The patient is positioned in lateral recumbency with the wings extended dorsally over the back and the legs retracted caudally. The caudodorsal border of the superficial pectoral muscle is palpated and the skin incision is made along this muscle border. The insertion of the pectoral muscle is incised and the muscle is elevated allowing it to be retracted ventrally. A curved hemostat is inserted under the pectoral muscles until it can be felt dropping into the thoracic inlet. It is then pulled caudally over the ribs so that each rib can be felt. This will assure that the appropriate ribs are accurately identified. The intercostal vessels course along the cranial border of each rib. A window will be created by removing a segment of 2-3 ribs. The appropriate ribs are identified and the intercostal vessels are coagulated using bipolar electrosurgical forceps at the dorsal and ventral aspects of the proposed window. They are then transected with scissors ventral to the uncinate process and as close to the junction of the sternal and vertebral ribs as possible. The large pectoral muscles make it difficult to achieve ventral exposure and will need to be retracted ventrally. If the ribs are cut too far dorsally, the lungs will be damaged. The section of ribs is removed allowing access to the thoracic cavity. An endoscope can be inserted into the thoracotomy to allow visualization of the intrathoracic structures. The endoscope provides magnification and can pass into tight spots providing visual access to locations the surgeon cannot see directly. A moist cotton tipped applicator is used to gently dissect air sacs and other structures to allow visualization of blood vessels, heart, syrinx, bronchi and lung. Dissection between the jugular vein, pulmonary artery and branches of the subclavian artery will allow visualization of the syrinx.

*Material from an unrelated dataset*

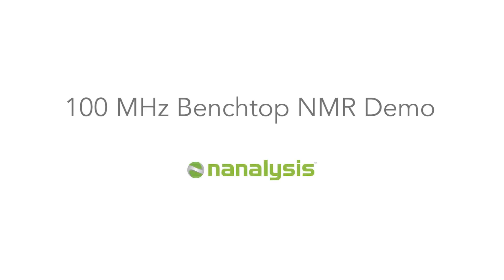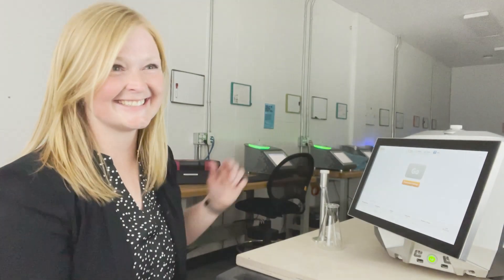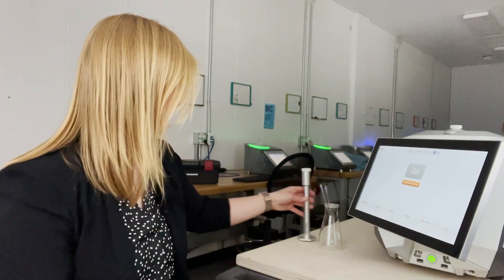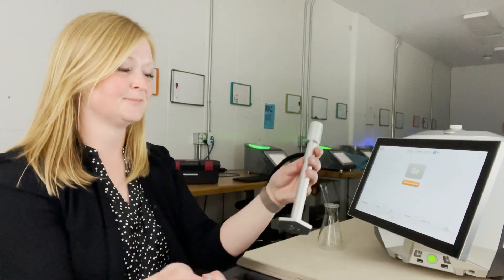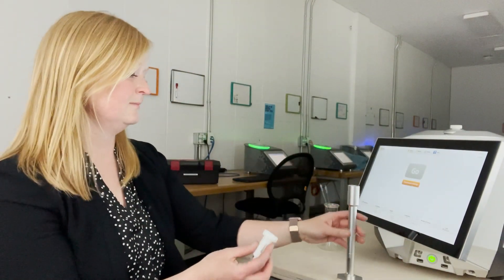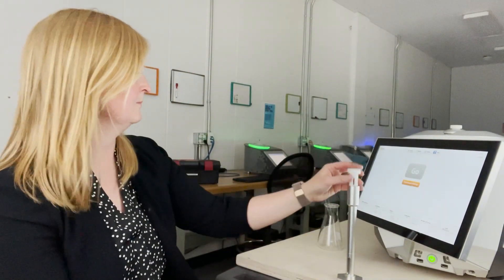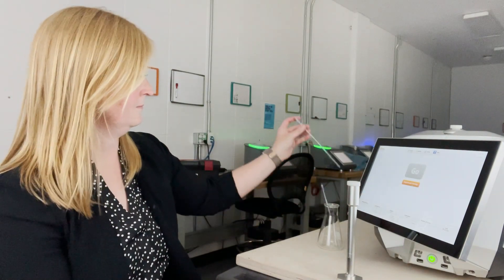Each 100 MHz benchtop NMR spectrometer comes with a sample holder and depth gauge. To use, the NMR tube is placed into the sample holder and pushed to the bottom of the depth gauge.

Since this syndrome was published, I am aware of bifid sternum in 4 African grey parrots, a wild pigeon, a Quaker parakeet (Myiopsitta monchus), and an umbrella cockatoo. It is characterized by a failure of the two halves of the sternum to close during embryonic development. The bird's heart is visualized beating just under the skin. In adult birds, apposition of the two halves is not possible because the sternal bone is too hard; however, in young birds it is often possible to pull the two halves of the sternum together with sutures.
The skin is incised along the ventral midline being careful not to damage the heart immediately below the surface of the skin. The liver is visualized at the caudal aspect of the incision. The pectoral muscles are elevated from the sternum using a periosteal elevator. Dissection is continued laterally until the entire muscle is freed from the sternum and ribs. The existing portions of the keel are cut off using scissors. The pectoral muscles are advanced to midline and sutured in a simple interrupted pattern. Because of the unique avian respiratory anatomy, this is accomplished without respiratory compromise. The skin is closed routinely. This provides a thick pectoral muscle pad to protect the heart. It is not likely that this defect will cause cardiopulmonary dysfunction as it does in humans.
In human infants surgery is performed within the first few days of life. During this time, the sternum is more pliable and the two halves are simply affixed together at midline. Dr. Michele Curtis has done a similar procedure in a neonatal bird. The two halves of the sternum were pulled together with sutured establishing a more normal rib and sternal cage.